Task requirements
Before copying, remove every picture, and then repeat all entries below precisely as written.

Supplied material
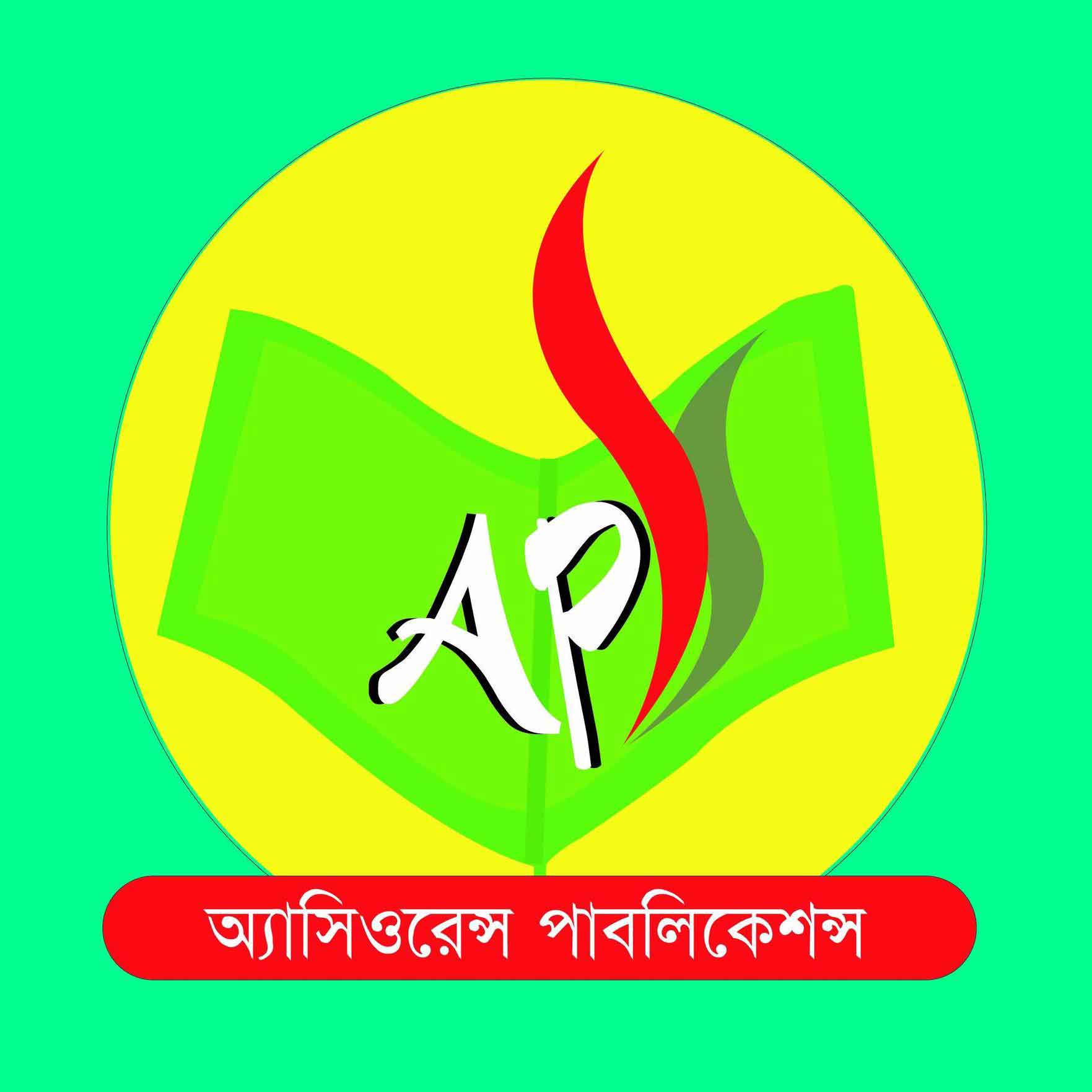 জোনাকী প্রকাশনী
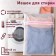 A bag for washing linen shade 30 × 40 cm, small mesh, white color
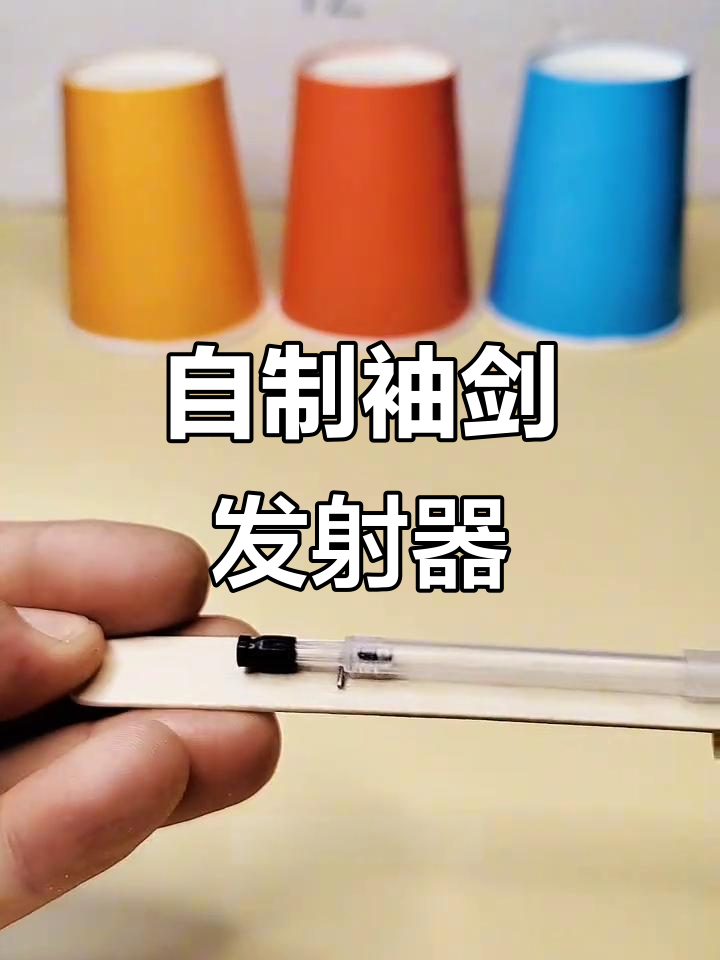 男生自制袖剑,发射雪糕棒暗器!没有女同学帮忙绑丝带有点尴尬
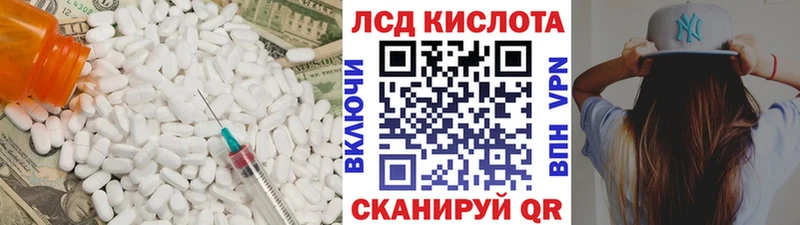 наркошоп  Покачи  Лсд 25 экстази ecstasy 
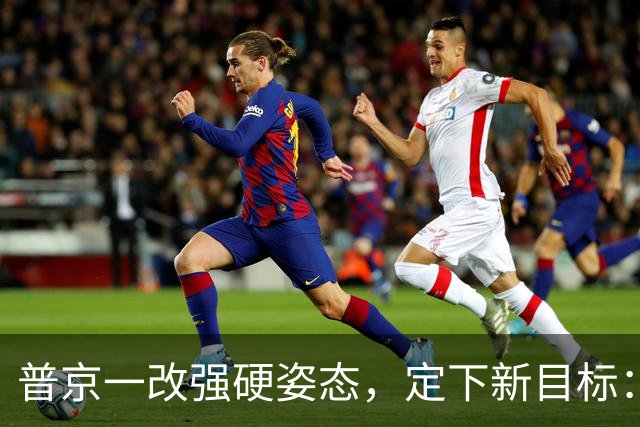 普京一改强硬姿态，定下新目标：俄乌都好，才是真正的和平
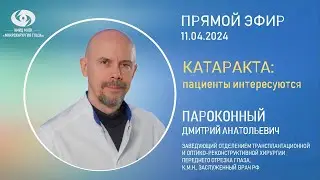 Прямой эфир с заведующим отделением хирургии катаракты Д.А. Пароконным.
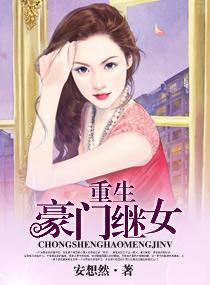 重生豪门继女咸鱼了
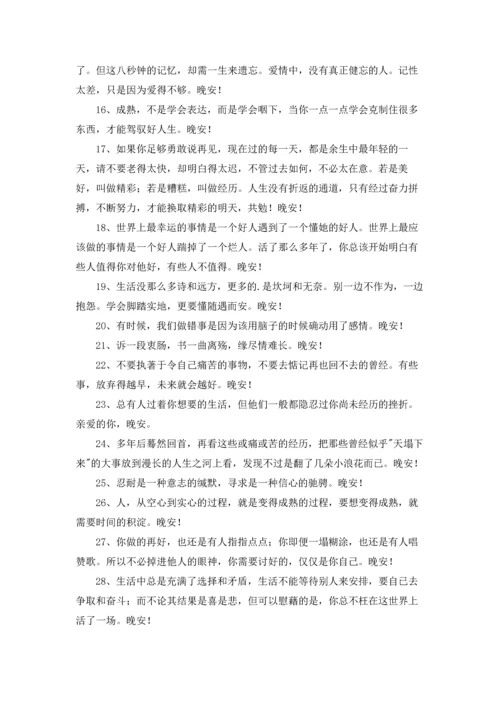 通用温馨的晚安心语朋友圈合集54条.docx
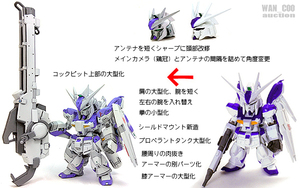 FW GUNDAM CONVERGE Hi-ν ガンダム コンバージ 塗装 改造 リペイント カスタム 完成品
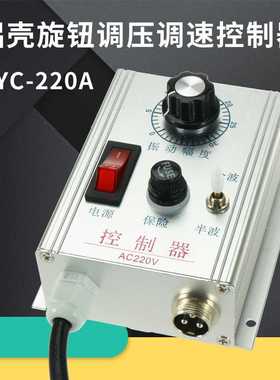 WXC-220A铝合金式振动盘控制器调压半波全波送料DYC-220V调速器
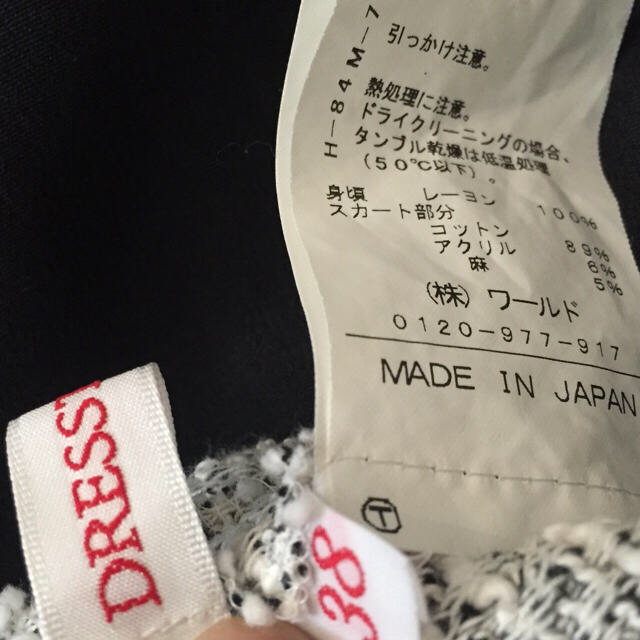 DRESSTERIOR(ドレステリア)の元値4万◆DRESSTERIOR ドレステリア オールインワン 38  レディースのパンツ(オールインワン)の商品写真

Result of this exercise
 জোনাকী প্রকাশনী
 A bag for washing linen shade 30 × 40 cm, small mesh, white color
 男生自制袖剑,发射雪糕棒暗器!没有女同学帮忙绑丝带有点尴尬
 наркошоп  Покачи  Лсд 25 экстази ecstasy 
 普京一改强硬姿态，定下新目标：俄乌都好，才是真正的和平
 Прямой эфир с заведующим отделением хирургии катаракты Д.А. Пароконным.
 重生豪门继女咸鱼了
 通用温馨的晚安心语朋友圈合集54条.docx
 FW GUNDAM CONVERGE Hi-ν ガンダム コンバージ 塗装 改造 リペイント カスタム 完成品
 WXC-220A铝合金式振动盘控制器调压半波全波送料DYC-220V调速器
 DRESSTERIOR(ドレステリア)の元値4万◆DRESSTERIOR ドレステリア オールインワン 38  レディースのパンツ(オールインワン)の商品写真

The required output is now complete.